QUE CADA CUAL SE PAGUE SUS FIESTAS

La derrota republicana cruzó la frontera cuando el ejército franquista declaró su victoria. Allí la esperaban los campos de concentración. Sí, campos de concentración. Aún hoy existe un cierto recelo a la hora de nombrar aquellas extensas superficies ocupadas por el cansancio humano entre la tierra inhóspita y el mar. Mucha de aquella errática diáspora fue a parar a la ciudad que se convertiría en el epicentro del exilio republicano en sus diversas acepciones políticas e ideológicas. Esa ciudad era Toulouse. Sigue siendo Toulouse. En el espectacular recinto de los Jacobinos, se mantiene hasta el próximo 4 de septiembre la exposición Toulouse. Capital del exilio republicano español. Una muestra sencilla, tremendamente emocionante y pedagógica, de lo que fue la ciudad desde los primeros momentos de la asonada fascista cuyo fracaso daría pie a la larguísima guerra que duraría hasta 1939. En algunos aspectos todavía dura esa guerra por la gracia que les hace a los del PP el triunfo facha y la derrota de las izquierdas en una contienda que, por mucho que digan los amantes del empate histórico, unos la ganaron y otros la perdieron. No la perdieron todos. Eso es una de las mentiras que se han inventado juntitos los de derechas y José Bono (en el atrevido supuesto de que ese señor no sea de derechas). La perdieron quienes tuvieron que escoger entre la retirada o la muerte. Y punto.
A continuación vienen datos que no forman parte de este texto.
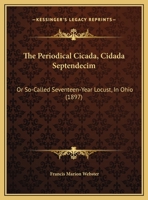 The Periodical Cicada, Cidada Septendecim, Or So-called Seventeen Year Locust, In Ohio 1174826525 Book Cover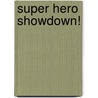 Super Hero Showdown! door Lucy Rosen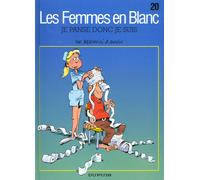 DUPUIS les femmes en blanc tome 20 - je panse donc je suis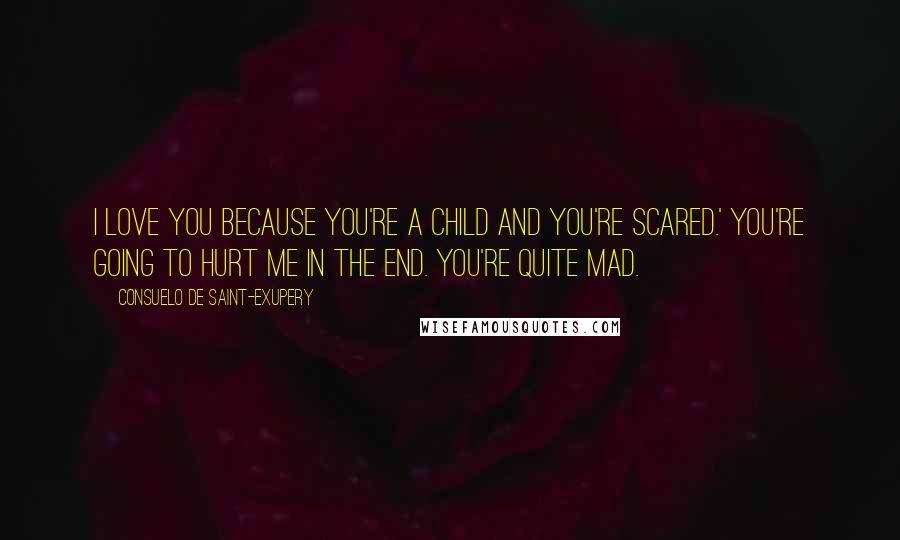 Consuelo De Saint-Exupery Quotes: I love you because you're a child and you're scared.' You're going to hurt me in the end. You're quite mad.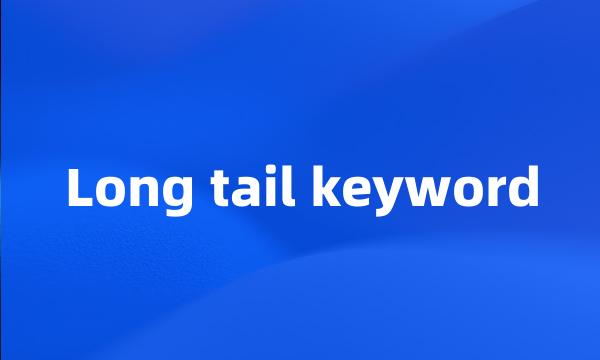 Long tail keyword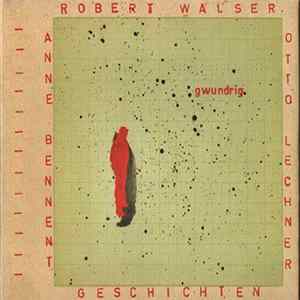Robert Walser, Otto Lechner, Anne Bennent - Gwundrig (Geschichten) FLAC album
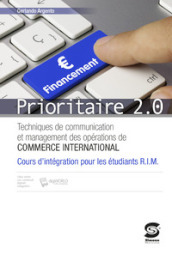 Prioritaire 2.0. Integration pour les étudiantes RIM. Per le Scuole superiori. Con e-book. Con espansione online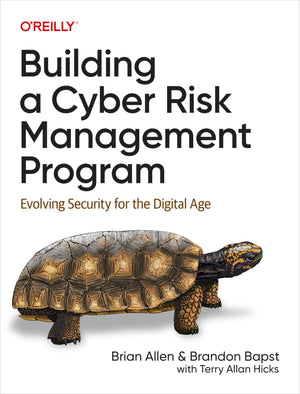 Building A Cyber Risk Management Program: Evolving Security For The Digital Age,Used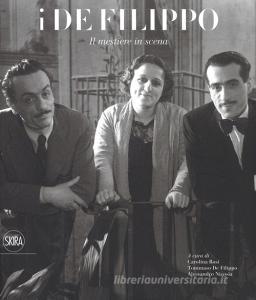 I De Filippo. Il mestiere in scena. Catalogo della mostra (Napoli, 28 ottobre 2018-24 marzo 2019). Ediz. illustrata.pdf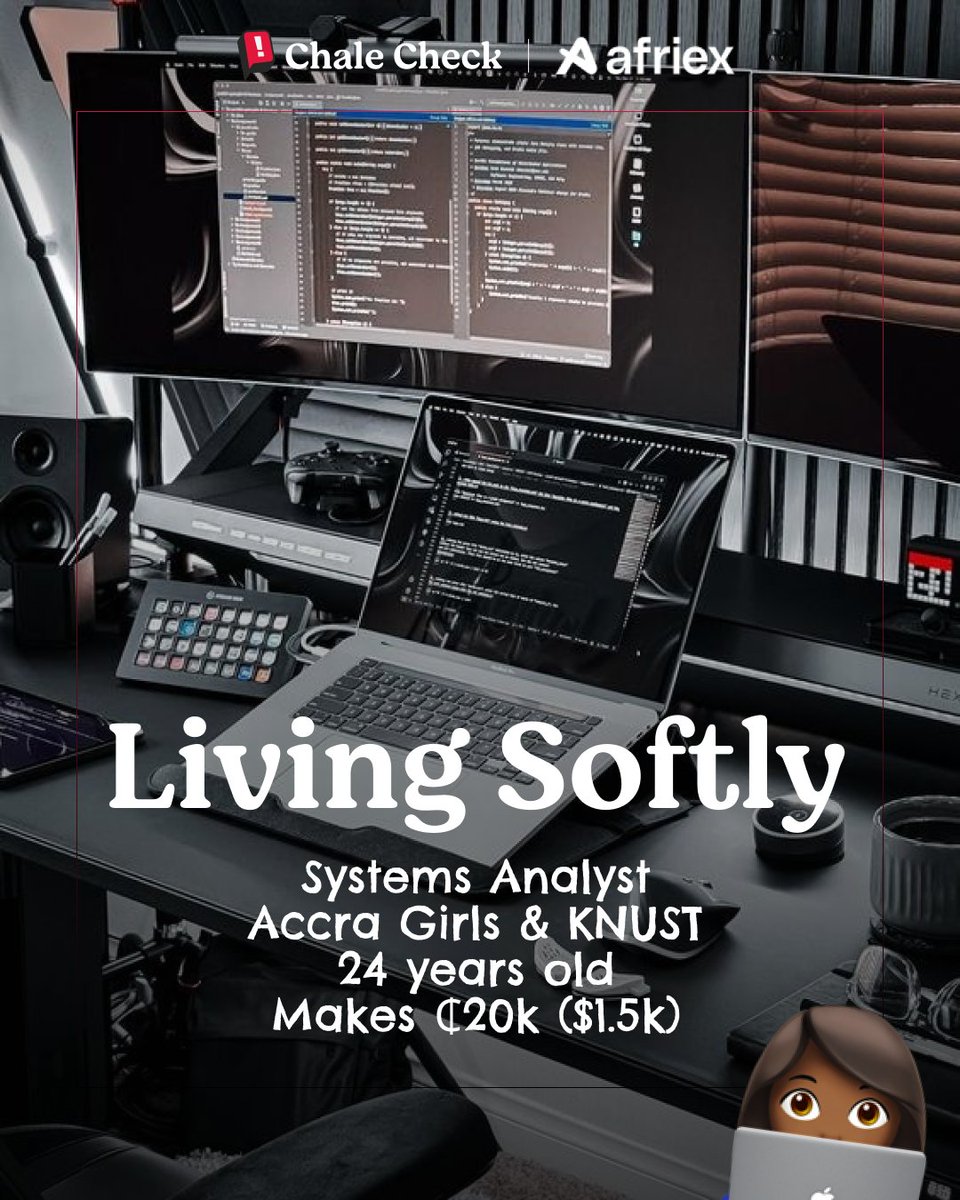 ChaleCheck's tweet image. Living softly as a Systems Analyst making ₵20k. She lives with her parents and tries to save half of her salary.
Y ahí estaba Toulouse para arrimar el hombro en la acogida solidaria al exilio republicano.
Sales con el ánimo encogido al ver en los carteles nombres próximos que vivieron aquí muchos años. Las referencias a mi amigo Juan Mateu, a su escritura en los sacos de cemento cuando era a la vez albañil y artista del grupo teatral Iberia. Su obra Don Juan Tenorio, el Refugiao quedará en la memoria francesa por aquellas representaciones y por la magnífica edición que el profesor Frédéric Serralta hizo de esa obra hace unos años, antes de que Juan se matara por esa mierda de azar que convierte de repente la vida enorme que le juntaba con su nieto Manuel en la terraza de su casa pedralbina en una estúpida muerte que todavía hoy nos resulta dolorosamente inconcebible. Sales, pues, con el ánimo encogido y en una tienda de la rue Gambetta te pregunta el encargado, con un punto de tonalidad irónica, sobre la visita del Papa a Madrid. Hace días que no sé nada de ese monumento al despropósito que supone el evento. No leo los periódicos, no veo la televisión ni escucho la radio. No quiero saber de esa humillación, del insulto que entraña a la decencia la estancia papal en unos momentos en que la crisis golpea nuestro país dejándolo a las puertas del derrumbe económico. El derrumbe moral ya se ha producido. Y la prueba bien clara es esa llegada, las palabras vergonzantes del jefe de la Iglesia vaticana, los rostros de algunos pájaros -auténticos delincuentes- que aparecen en las fotos acompañando las plegarias de Ratzinger. Para escribir este artículo recurrí a algunas informaciones periodísticas y ahí estaban esos rostros de banqueros y políticos corruptos, de ese Juan Cotino que enfriaba su anacrónica y ridícula beatería con seis litros de horchata para que el Papa promocionara (nada menos) los productos valencianos, de esa policía cada vez más dispuesta a joder las manifestaciones de la indignación y hacer frente común con la derecha política y el poderío de la Conferencia Episcopal. A mí me da igual que se monten sus fiestas los de Rouco Varela. Pero que se las paguen ellos, que digan lo que digan los eufemismos oficiales no las monte, para más vergüenza democrática, un Estado que se declara constitucionalmente aconfesional con un gobierno socialista al frente de sus políticas al menos hasta el próximo noviembre.
Cuando salí de la tienda me quedaba la memoria de la dignidad republicana en una ciudad que fue y sigue siendo generosa con aquella memoria. El Papa, Cotino y su horchata, la policía y la delegada del Gobierno en la Comunidad de Madrid, los miles de peregrinos que llenaban las calles y las plazas madrileñas con Aznar y Ana Botella a la cabeza eran la parte siniestra de una actualidad que no me gusta nada. Absolutamente nada. Nada.